Before I go on – it’s only been 45 minutes since I left the theater, and the review is due tonight – let me get something out of the way. When you see ‘WWE Studios’ appear in the opening credits, you might feel like you’ve walked into the wrong theater. Sit tight; this film is on an entirely different shelf than “The Marine” and “See No Evil” (and distributed by the blossoming FilmDistrict), and certainly succeeds in telling a story where depth takes – or at least intends to take – precedence over the violence. Regardless of that, Hollywood is Hollywood, and money is money, and therein lies at least part of the problem. Though it’s hard to fault anyone here for trying to marry genres from different cinematic cultures, which has become more common in the mainstream, this endeavor isn’t always cohesive enough between its ‘meaningful’ moments. Anyway, it definitely feels motivated in some way, shape or form.
Bookended by two technically impressive and realistic action sequences, which are reminiscent of films like “Running Scared”(2006) and “Collateral”, “Dead Man Down” is a rather engrossing suspense-drama that has (almost) all the elements of the Euro-noir stuff we’d expect from Oplev.

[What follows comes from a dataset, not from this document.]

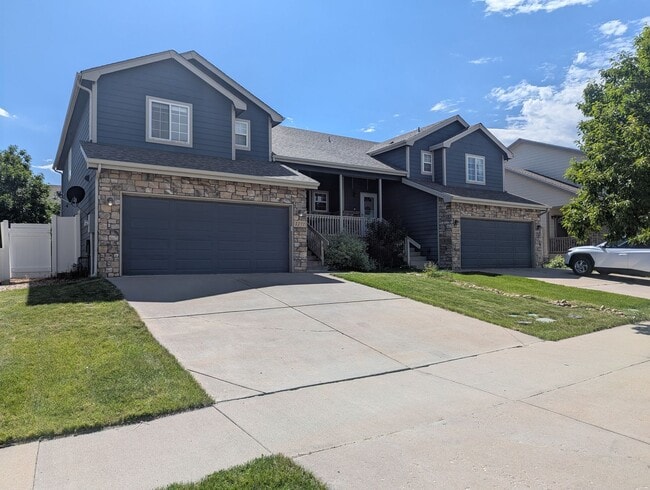 Photo - AWESOME 3-BDRM, 3-BATH, 4-LEVEL HOME AVAILABLE FOR IMMEDIATE OCCUPANCY IN GRAPEVINE - EVANS!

But baked from a screenplay by “Fringe” writer J.H. Wyman, who also penned 2001’s “The Mexican”, it ends up catering a bit too much to poorly translated melodrama on one end of the spectrum and straight-up American action on the other. Sometimes it feels like a European auteur with his hands tied by American studio demands, other times it seems like a fledgling American director who doesn’t fully understand how to capture the essence of a heavily nuanced sub-genre.
Colin Farrell plays Victor, a mob enforcer of sorts who’s taken two years to plot his revenge against a crime lord named Alphonse (Terrence Howard, “Red Tails”), with whom he’s recently become employed (in a somewhat ambiguous capacity, but that’s beyond the point). Alphonse is responsible for the murder of Victor’s wife and child; because the job was farmed out to some Albanian hitmen, and Victor – now thoroughly rid of the Hungarian accent that belonged to his actual identity – is presumed dead, the boss is none the wiser, since they’d never before met face-to-face. It doesn’t hurt that Victor catches a bullet for Alphonse in the opening sequence, solidifying his trust in the relative newcomer, who is quite obviously seething behind his stoic facade. Farrell, who speaks far fewer lines than his typical manic characters (most recently in “Seven Psychopaths”), conveys grief and restrained anger with a rare expressive believability, as he covertly picks off Alphonse’s crew and leaves clues to his identity along the way.
When we’re introduced to Beatrice (the talented Noomi Rapace, also from the original “Dragon Tattoo” and last year’s “Prometheus”) as a mentally and physically scarred neighbor that discovers Victor’s motivation for revenge, “Dead Man” puts an unexpected emphasis on the fragility of its characters, as we might expect from the complexities of people in the real world. During some painful silences, a few that drag on for too long due to the film’s purposeful shortage of dialogue, is where the story justifies the barrage of bullets that is certain to come later. Rapace plays a damaged, unpredictable character so well (and it’s often times so uncomfortable) that we want to be transported back to some mindless action. But of the film’s shortcomings, being mindless is not one of them.
The supporting cast also hold things together, even when logic begins to fade a little. Howard is almost a perfect villain, a mix of sociopath and slick businessman (if there’s a difference) whose cowardice starts to surface toward the end of the film. Though given far more attention than most bad guys these days, he’s still underutilized. Dominic Cooper (“My Week With Marilyn”) plays a squirrelly sidekick type who is desperate to impress the boss by figuring out who’s behind the murders; the kicker there is that his character seems to be Victor’s only real friend.
Don’t mistake “Dead Man Down” for an action flick, though it has both the high and low points of one; the high point being a sequence in which Victor dispatches a few of Alphonse’s crew and then escapes from the fifth floor of an apartment building, the low being a conveniently timed yet unexpected getaway vehicle screeching up to his rescue while the driver shouts “Get in!”